Mas esse tipo de crescimento envolve riscos. Quando a demanda avança bem mais velozmente que a oferta doméstica, é preciso importar mais para compensar a diferença. Sem isso, o resultado é mais inflação. Mas há limites para a capacidade de importar e é preciso administrar com prudência as transações com o exterior. O governo sabe disso, mas deu pouca importância - até agora, pelo menos - à expansão do déficit na conta corrente do balanço de pagamentos.

As principais projeções para as contas externas variam amplamente, mas todas apontam para uma deterioração. Segundo o Banco Central (BC), o superávit comercial vai diminuir este ano dos US$ 29,8 bilhões do ano passado para US$ 23 bilhões. 

As exportações aumentarão apenas 4,3%, para US$ 267 bilhões, enquanto as importações crescerão 7,9%, para US$ 244 bilhões. Como o déficit em serviços continuará em expansão e as transferências pouco deverão mudar, o buraco na conta corrente se ampliará de US$ 52,6 bilhões para US$ 65 bilhões - de 2,1% para 2,5% do Produto Interno Bruto (PIB).

Economistas do mercado financeiro e de consultorias são um pouco mais pessimistas. Projetam um superávit comercial de US$ 19,5 bilhões neste ano e um déficit em conta corrente de US$ 67,9 bilhões. Além disso, já arriscam projeções para 2013 - superávit de US$ 14,5 bilhões na conta de mercadorias e um rombo de US$ 70 bilhões nas transações correntes.

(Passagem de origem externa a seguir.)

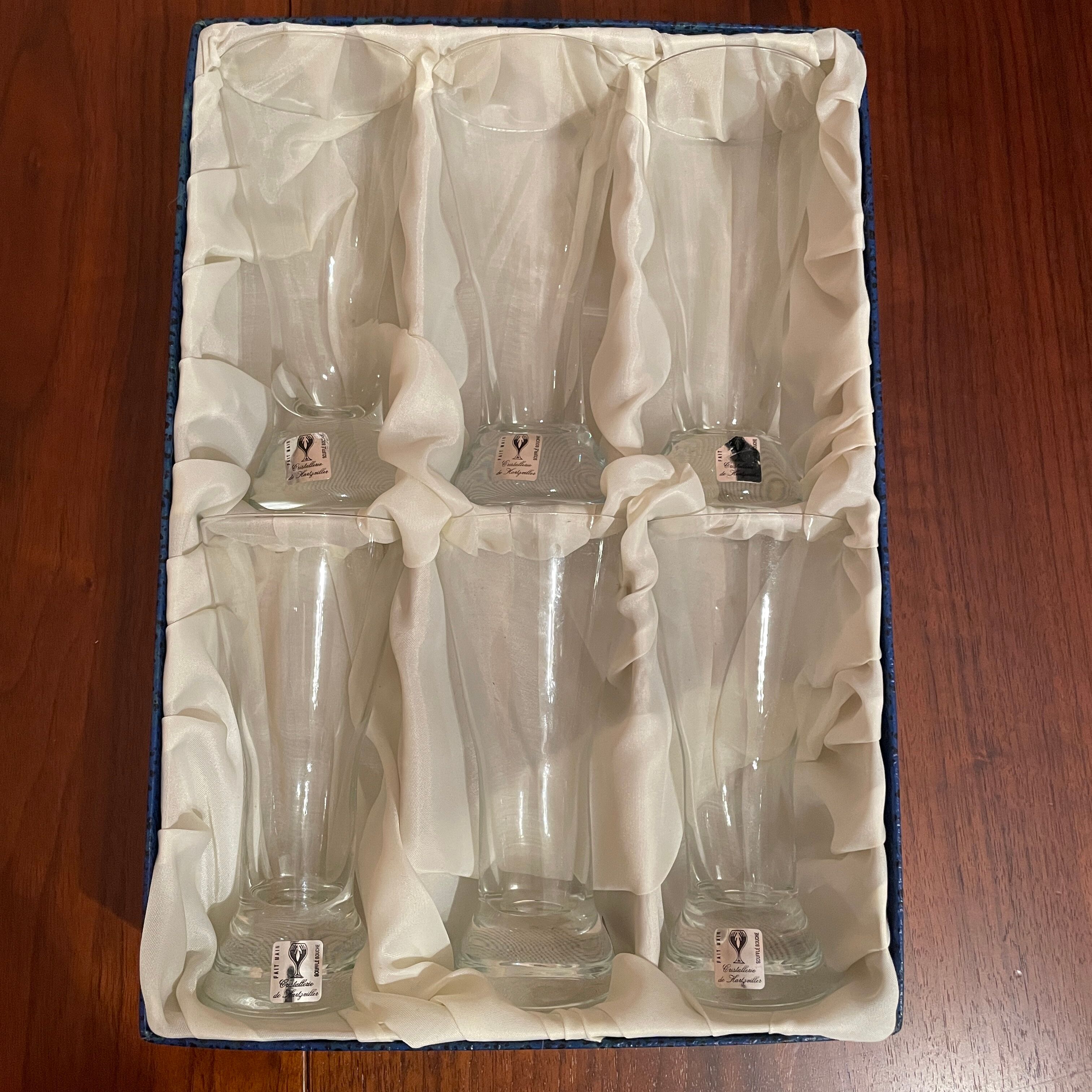 Box of 6 crystal glasses Hartzviller design 50 in box.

A Associação de Comércio Exterior do Brasil (AEB) tem previsões muito mais sombrias: exportações de apenas US$ 236,6 bilhões - menores, portanto, que as do ano passado - e importações de US$ 233,5 bilhões, 3,2% maiores que as de 2011. O saldo, pouco superior a US$ 3 bilhões, será o menor em dez anos.

Apesar da ampla diferença entre os números, todas as projeções são baseadas em pressupostos comuns: a Europa continuará em grave crise, a situação pouco deverá melhorar nos Estados Unidos e o crescimento chinês, embora ainda exuberante, será menor do que foi nos últimos anos. A estagnação geral, agravada com a perda de impulso da economia chinesa, resultará em preços menores para os produtos básicos, tanto agrícolas quanto minerais. Como as commodities - matérias-primas e produtos com baixo grau de processamento - têm representado mais de 60% da receita comercial brasileira, o valor das exportações será muito afetado, se as previsões de baixa das cotações se confirmarem.

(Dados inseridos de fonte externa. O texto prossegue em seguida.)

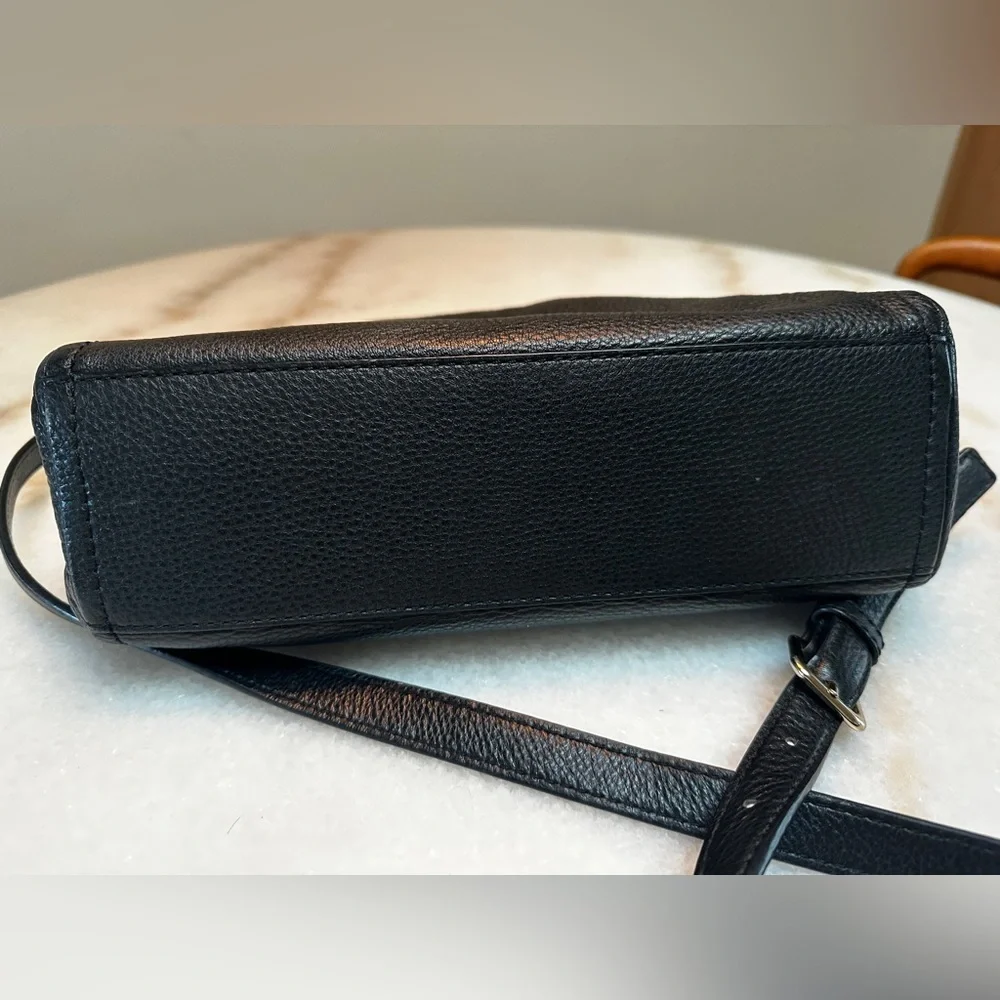 Kate Spade Cobble Hill Toddy crossover pebbled leather bag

O temor de um desempenho comercial muito fraco neste ano já contamina os formuladores da política econômica. No Ministério do Desenvolvimento, Indústria e Comércio Exterior, a projeção do superávit na conta de mercadorias está na faixa de US$ 10 bilhões a US$ 12 bilhões. O cenário inclui tanto um aumento de importações causado pelo excesso da demanda interna quanto uma expansão medíocre das exportações, por causa do arrefecimento da economia chinesa e da queda de preços das commodities.

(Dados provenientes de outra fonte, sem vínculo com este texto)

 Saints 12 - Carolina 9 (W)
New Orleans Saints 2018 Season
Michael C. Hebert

Todos os cenários apontam para um déficit maior na conta corrente. Quanto maior esse déficit, piores deverão ser as condições de seu financiamento, mais dependente de endividamento e de capitais especulativos. O sinal ainda é de alerta e é bom agir antes de se acender alguma luz vermelha. O governo dará um bom passo adiante se reconhecer, afinal, a insuficiência de seu Plano Brasil Maior e começar a pensar seriamente em como fortalecer a indústria para competir em todos os mercados. Para isso, precisará confiar menos em remendos fiscais e em barreiras protecionistas e cuidar mais da produtividade e dos custos.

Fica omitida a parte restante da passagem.